You all know far better than I do the extent to which the law you administer is part of a story, whether that story is the history of this nation, or of Europe, or of the international community. Laws reflect the past of the people who create them; laws reflect peoples’ beliefs and values; and they embody a vision for the future. They help to make us who we are. The law is no less a precious gift to us than it was to those Israelites thousands of years ago, as they sought to understand themselves as a people formed by their God.

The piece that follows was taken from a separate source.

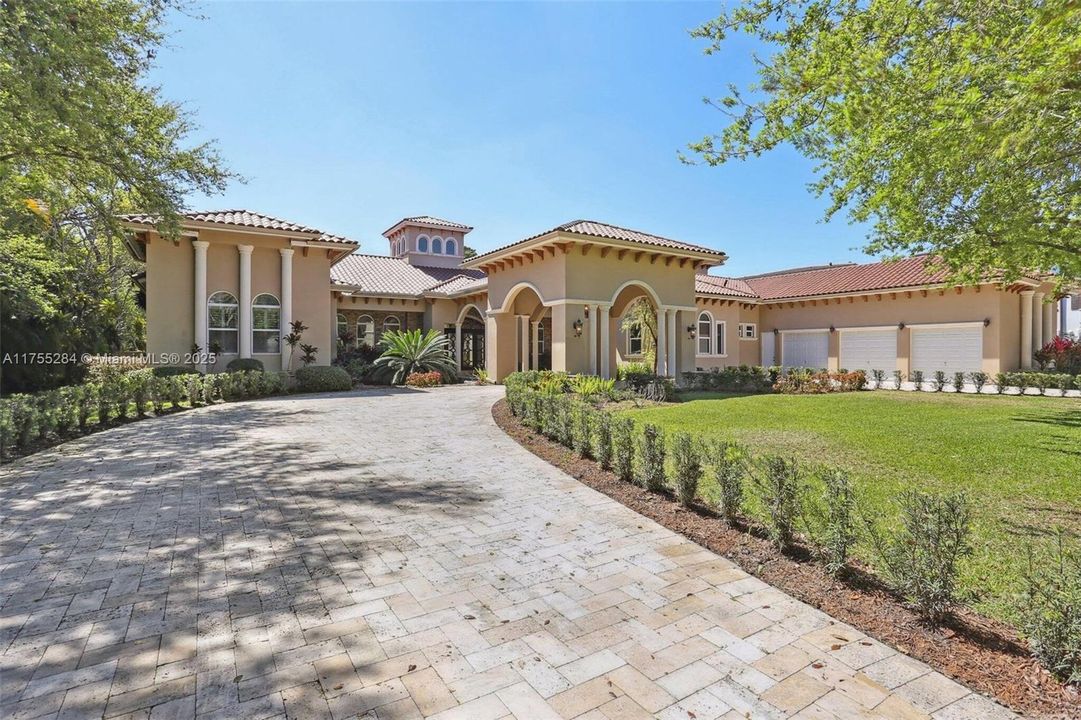 For Sale: $5,890,000 (7 beds, 8 baths, 9912 Square Feet)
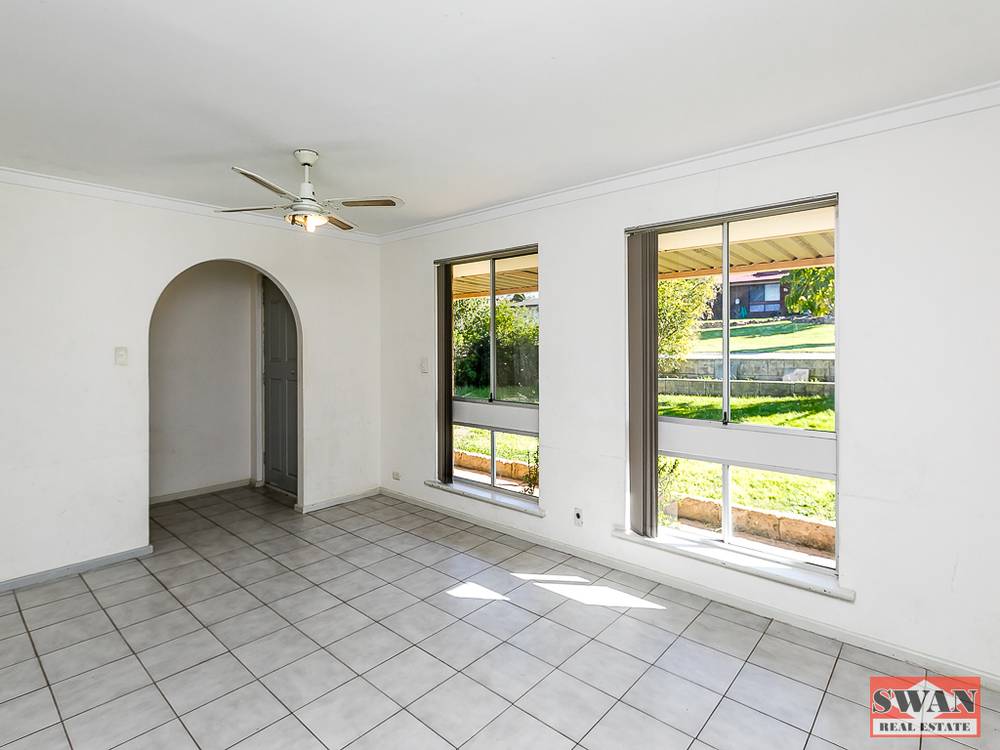 32 Abingdon Rd, Swan View, WA 6056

So it is appropriate in this context to say that all of you who are judges and lawyers are in an important sense God’s gift to the rest of us. For us and for people of every faith, law is bound up with our God’s saving purpose. The law belongs to us, it is part of our story. And you are the ones who help us to understand it, to keep it, and to change it when necessary. We need you. You make our life together possible. Today you can be assured that here at the Abbey we give thanks for all that you do, and that we will continue to pray for you, as your story and our story continues to unfold within the economy of God.